Dataset content START

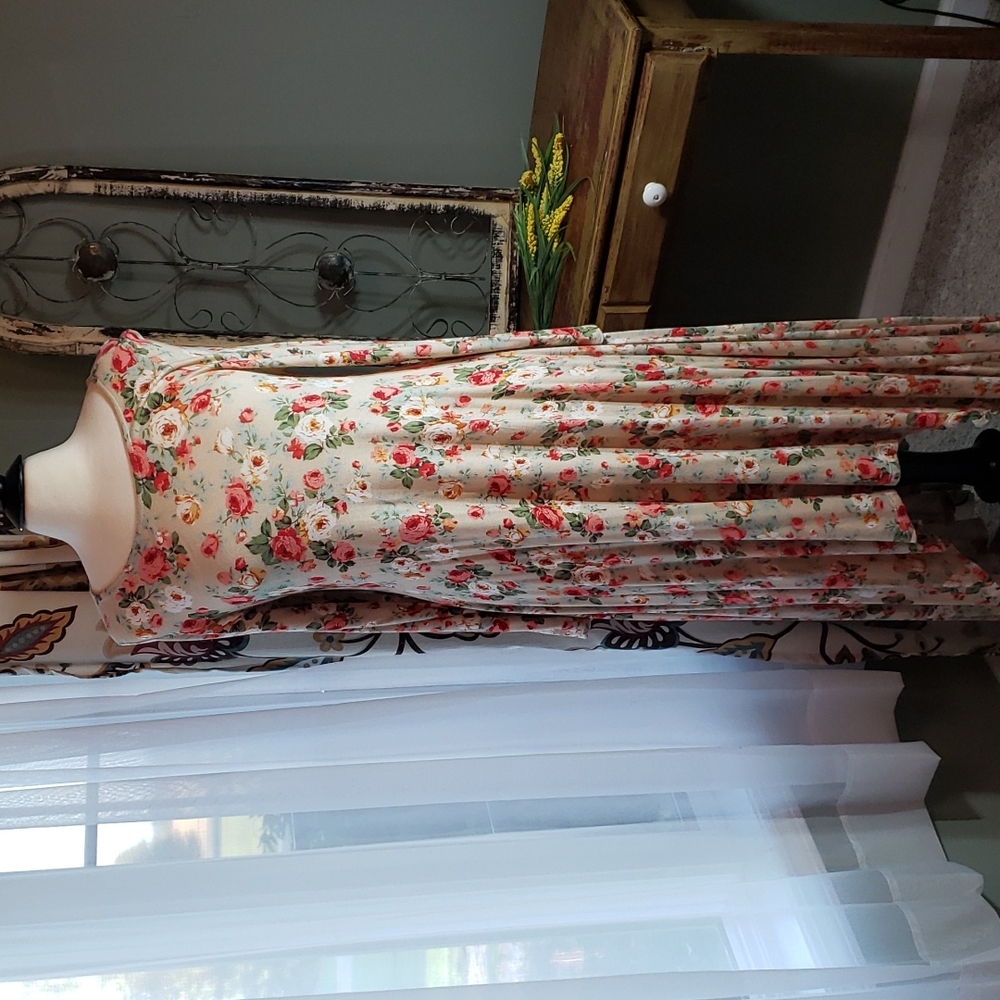Agnes & Dora Floral Dress size XS/S - So Pretty!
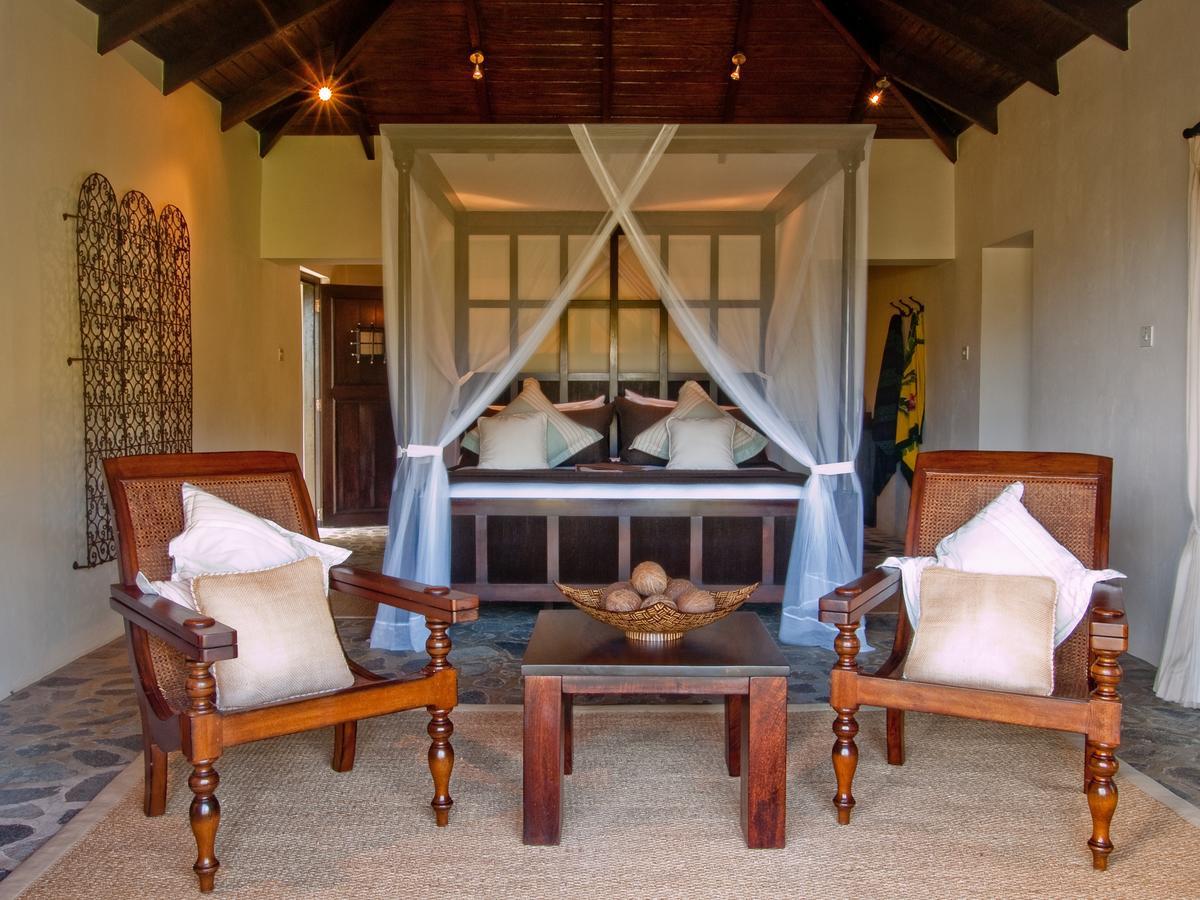 Firefly Estate Bequia Hotel Crescent Beach ภายนอก รูปภาพ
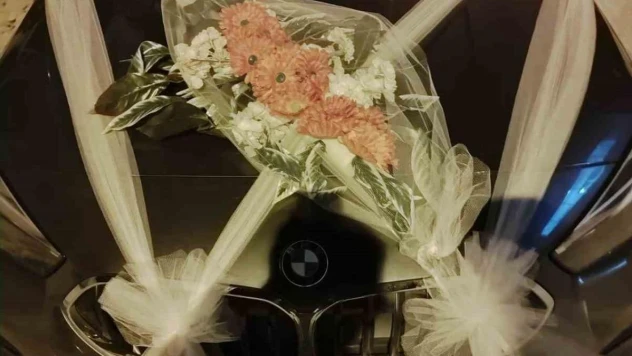 Ağrı'da gelin arabasından kaçak göçmen çıktı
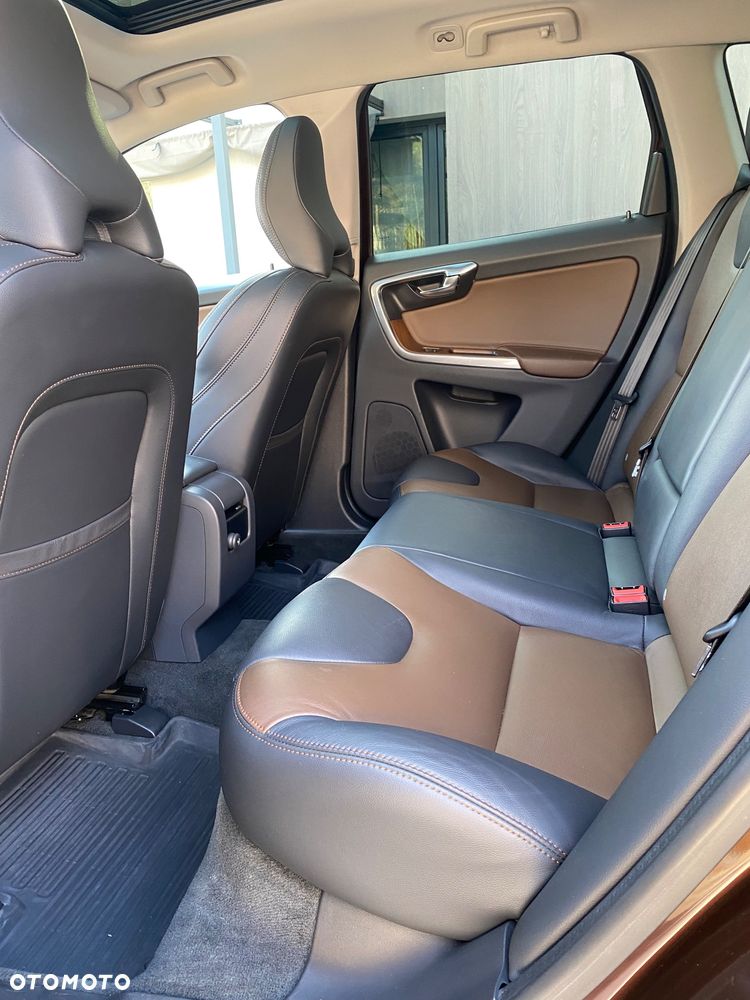 Volvo XC 60 D4 AWD Summum - 9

Dataset content END

**What you will do:** Without the pictures, write out the whole listing above exactly as it appears.

**The completed task:**
Agnes & Dora Floral Dress size XS/S - So Pretty!
 Firefly Estate Bequia Hotel Crescent Beach ภายนอก รูปภาพ
 Ağrı'da gelin arabasından kaçak göçmen çıktı
 Volvo XC 60 D4 AWD Summum - 9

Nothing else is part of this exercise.